# Exercise goal
Here are the records. Write out exactly the lines between the one holding "Mor İşlemeli Yastık" and the one holding "Aerial view of", inclusive.

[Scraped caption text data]
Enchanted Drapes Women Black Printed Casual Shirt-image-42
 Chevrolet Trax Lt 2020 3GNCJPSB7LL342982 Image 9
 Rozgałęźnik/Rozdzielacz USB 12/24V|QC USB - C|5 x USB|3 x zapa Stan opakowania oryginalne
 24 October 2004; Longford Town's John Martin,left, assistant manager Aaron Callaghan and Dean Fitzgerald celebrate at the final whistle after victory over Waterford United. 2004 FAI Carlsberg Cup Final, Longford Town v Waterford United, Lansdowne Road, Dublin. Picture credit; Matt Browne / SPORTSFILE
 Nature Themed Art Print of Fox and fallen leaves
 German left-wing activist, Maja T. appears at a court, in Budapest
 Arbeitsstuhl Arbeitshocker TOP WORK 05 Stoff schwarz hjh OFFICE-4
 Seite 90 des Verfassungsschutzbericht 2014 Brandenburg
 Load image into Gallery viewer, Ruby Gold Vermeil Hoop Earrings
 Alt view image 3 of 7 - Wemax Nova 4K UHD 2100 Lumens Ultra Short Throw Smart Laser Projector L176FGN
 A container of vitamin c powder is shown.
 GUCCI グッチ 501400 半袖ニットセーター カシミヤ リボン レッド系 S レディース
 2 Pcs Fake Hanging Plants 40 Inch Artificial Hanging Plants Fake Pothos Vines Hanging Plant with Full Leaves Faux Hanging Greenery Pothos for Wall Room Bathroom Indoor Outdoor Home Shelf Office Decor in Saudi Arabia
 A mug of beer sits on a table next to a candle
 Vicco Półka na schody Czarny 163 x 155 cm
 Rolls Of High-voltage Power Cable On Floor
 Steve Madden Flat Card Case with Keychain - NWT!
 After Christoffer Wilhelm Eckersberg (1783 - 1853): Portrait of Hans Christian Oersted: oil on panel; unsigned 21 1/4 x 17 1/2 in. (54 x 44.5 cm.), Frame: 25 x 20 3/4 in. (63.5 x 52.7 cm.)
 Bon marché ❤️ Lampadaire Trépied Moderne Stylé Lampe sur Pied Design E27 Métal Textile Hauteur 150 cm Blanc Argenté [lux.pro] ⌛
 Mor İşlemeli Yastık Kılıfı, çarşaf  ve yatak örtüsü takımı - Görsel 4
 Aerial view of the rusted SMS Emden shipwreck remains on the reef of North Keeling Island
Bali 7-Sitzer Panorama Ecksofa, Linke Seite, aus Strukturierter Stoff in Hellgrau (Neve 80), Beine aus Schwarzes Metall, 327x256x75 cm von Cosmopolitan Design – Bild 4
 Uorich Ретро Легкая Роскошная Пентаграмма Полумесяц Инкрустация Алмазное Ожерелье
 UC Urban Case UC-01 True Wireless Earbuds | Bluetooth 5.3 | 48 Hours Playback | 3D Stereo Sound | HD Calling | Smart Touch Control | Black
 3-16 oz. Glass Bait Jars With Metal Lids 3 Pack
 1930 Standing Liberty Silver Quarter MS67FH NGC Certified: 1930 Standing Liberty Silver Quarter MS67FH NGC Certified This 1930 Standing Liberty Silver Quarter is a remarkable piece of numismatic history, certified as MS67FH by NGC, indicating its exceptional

# Completed exercise
 Mor İşlemeli Yastık Kılıfı, çarşaf  ve yatak örtüsü takımı - Görsel 4
 Aerial view of the rusted SMS Emden shipwreck remains on the reef of North Keeling Island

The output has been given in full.